Daniel Chasquetti: 'There was a slow-motion coup d’état in Bolivia'

Uruguayan political analyst says that, in Latin America, consensus breaks down when it comes to the rules of democracy.

Daniel Chasquetti, a professor in political science at the Universidad de la República in Montevideo, discusses Evo Morales' removal from power in an interview with Perfíl.

Describing the events of the past month as a “slow-motion coup d’état,” Chasquetti highlighted the institutional deterioration in the Andean country. 

How would you qualify what happened in Bolivia?

Evo Morales could have left as the most successful president in Bolivia’s history. But there are a series of decisions that are hard to explain. Not accepting the results of the constitutional referendum [on whether he could stand again] and continuing to press forward; the decision of a judicial court that, in a very unusual way, determined that his candidature is a human right; and third, and perhaps the most dangerous of all, the fraud.

There are also terrible things from the other side too: a reaction that comes from Santa Cruz, but that is also influenced by the evangelical churches, a call to God in a sort of medieval crusade. This is a coup in slow motion because in reality, there has been an extremely strong institutional deterioration promoted by both parties.

There is a decisive moment that leads me to call it a coup: when the Armed Forces suggest [Morales] resign. If Morales hadn't resigned, there probably would’ve been an uprising and that would have been a traditional coup. 

What kind of compromise on behalf of Morales and MAS [Morales’s political party] would help Bolivia exit the crisis?

A good gesture would be to not present Evo [in the next presidential election]; go back and accept the results of the referendum.
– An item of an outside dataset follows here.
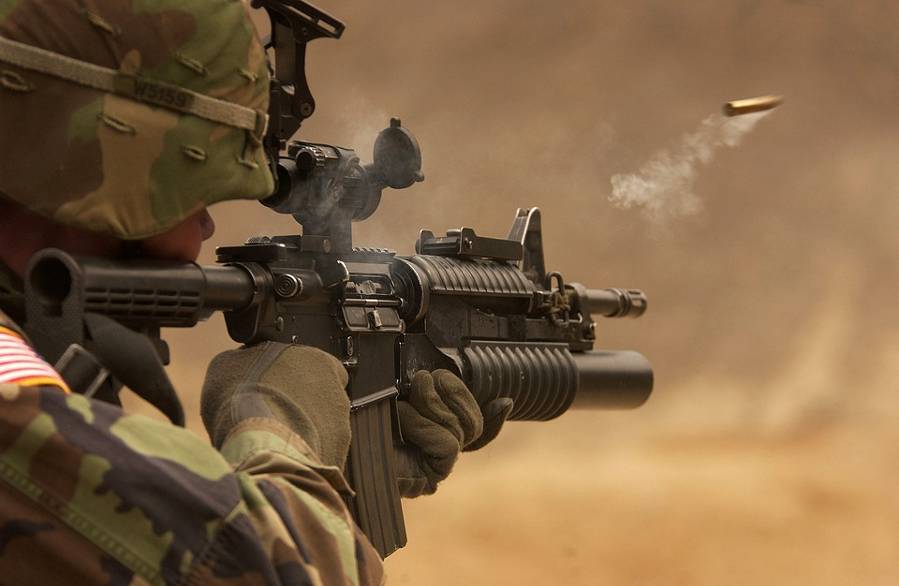 US solider shooting a rifle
Today, it’s hard to think that they’d do it.

An election against Carlos Mesa, a centrist politician that was able to gather support from all the opposition, is very different than one against an extremist candidate such as Luis Fernando Camacho. 

Do Mesa and the democratic right run the risk of not standing out against the extremists?
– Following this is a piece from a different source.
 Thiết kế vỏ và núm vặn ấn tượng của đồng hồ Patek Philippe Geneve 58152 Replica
Yes, they didn’t understand what happened in Brazil. A centre-right coalition impeached [former president] Dilma [Rousseff] in a frustrating procedure, took the reigns of power and it went badly. When it was time for elections, Bolsonaro had an open field and centre-right voters had no-one to choose from.

The natural ally of the left, when it’s time to preserve democracy, is the democratic right. Both sides don’t understand that the cost of losing may mean [democracy’s] failure. 

What common thread is there within Latin America that so many political conflicts between antagonistic blocs are determined by the Armed Forces?

Consensuses are failing. All democracies are supported by a consensus on the rules of the game. We have actors that challenge them: Maduro and the Congress [in Venezuela], in Peru, the Congress to the President, in Bolivia, Evo Morales challenges the Constitution.

The actors don’t understand that democracy is not only competency, but also a cooperative game, in which losing today may mean winning tomorrow. Kirchnerismo won four years ago and now it’s returning. 

Why does the Frente Amplio in Uruguay arrive at a run-off [for the presidential vote], while down in the polls?

There is a wearing down within the government. Secondly, certain cases of corruption arose have eroded the pristine image of an unpolluted party. The economic de-acceleration generated problems: unemployment increased, inflation is below 10 points, we have a high fiscal deficit... The next administration will have to adjust.

The last factor is security. The opposition candidate [Luis Lacalle-Pou] has led a campaign based on claims about problems about how you exercise authority in the country. This is one of the strongest reasons for Uruguay to change. 

Daniel Martínez is a generational shift for the Frente Amplio. How would you evaluate him as a candidate?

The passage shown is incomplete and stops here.